#### [TASK INSTRUCTIONS]
Pictures left aside, return the lines below exactly, from the one with "Sale Beliani Poltrona" to the end, including both ends.

Image-caption web data:
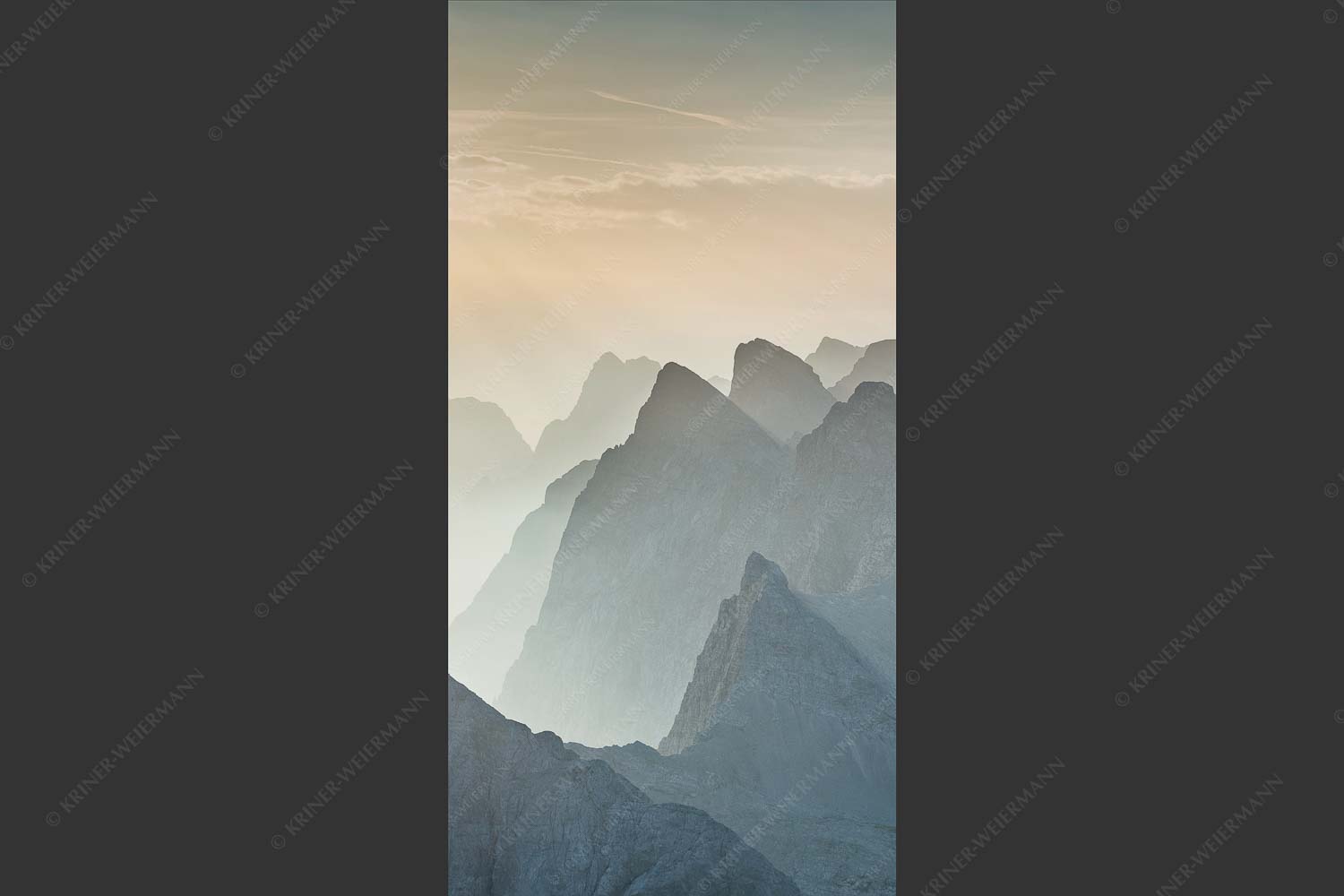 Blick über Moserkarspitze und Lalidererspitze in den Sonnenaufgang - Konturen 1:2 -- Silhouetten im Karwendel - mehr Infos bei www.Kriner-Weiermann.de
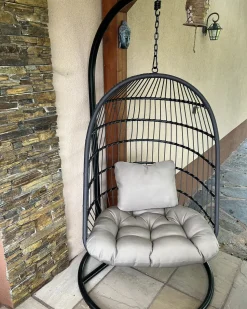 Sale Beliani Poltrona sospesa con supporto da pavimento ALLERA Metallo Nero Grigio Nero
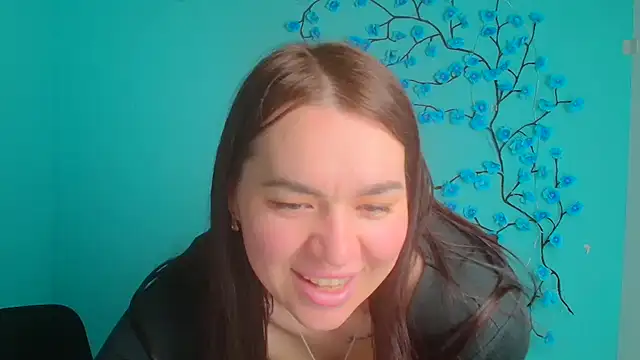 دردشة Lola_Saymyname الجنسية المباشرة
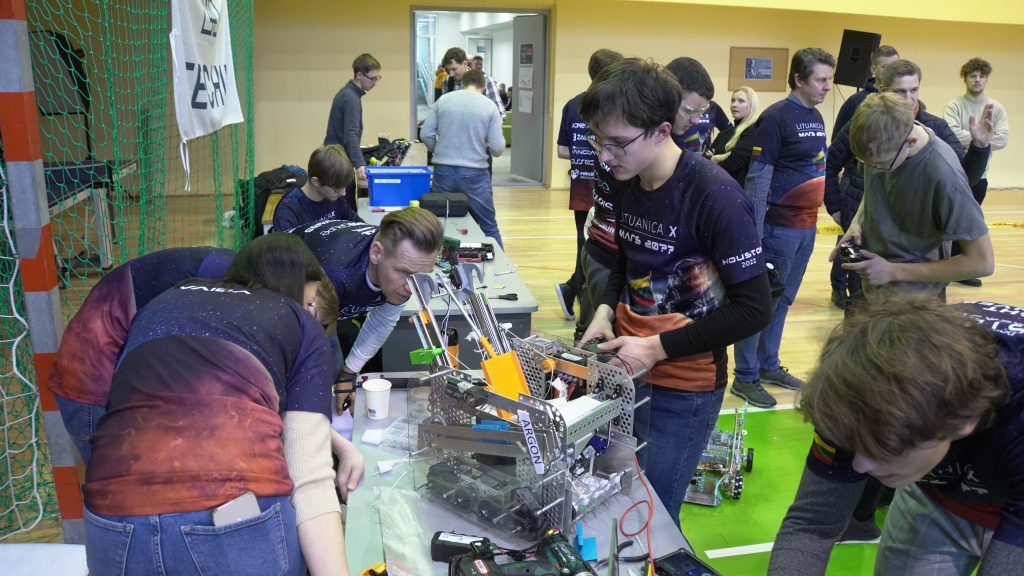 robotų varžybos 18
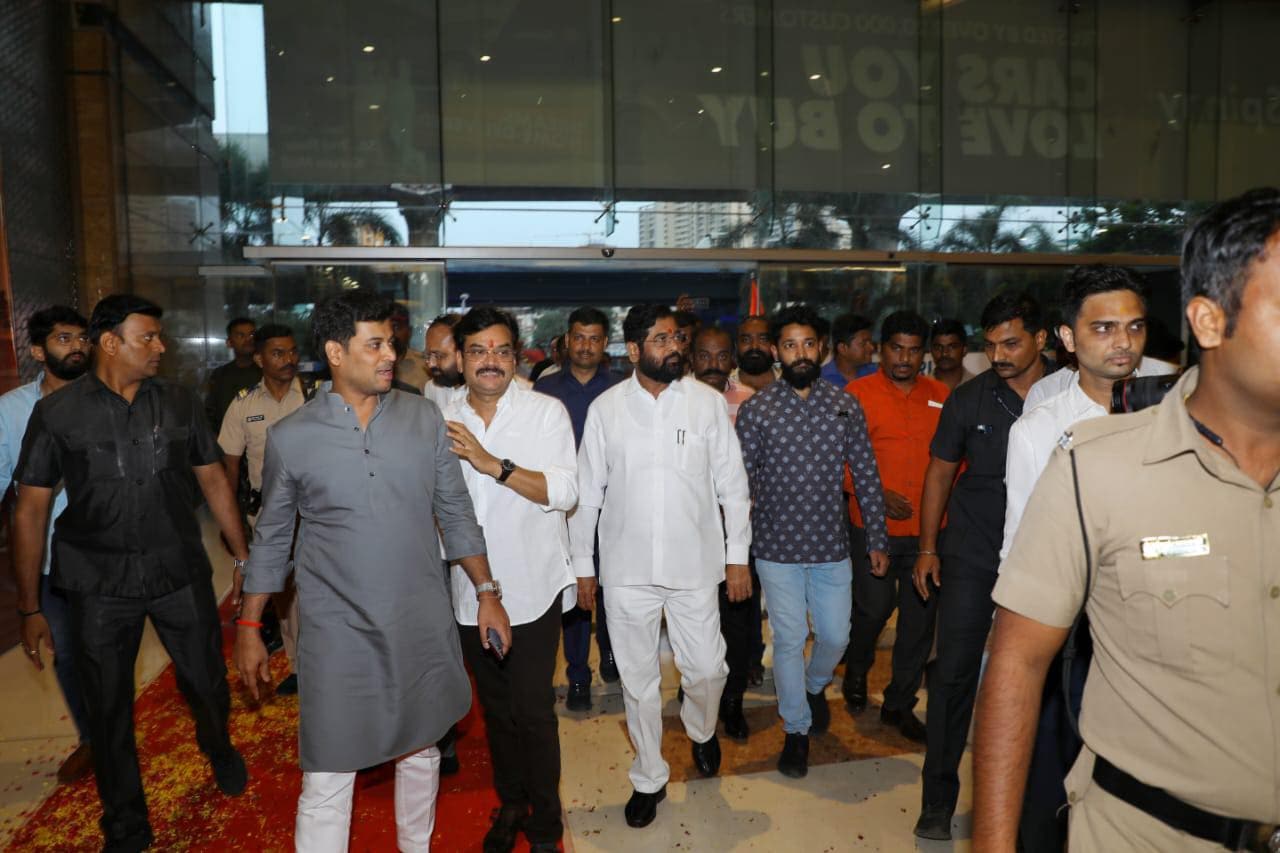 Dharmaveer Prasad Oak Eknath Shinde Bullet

#### [ANSWER SPACE]
 Sale Beliani Poltrona sospesa con supporto da pavimento ALLERA Metallo Nero Grigio Nero
 دردشة Lola_Saymyname الجنسية المباشرة
 robotų varžybos 18
 Dharmaveer Prasad Oak Eknath Shinde Bullet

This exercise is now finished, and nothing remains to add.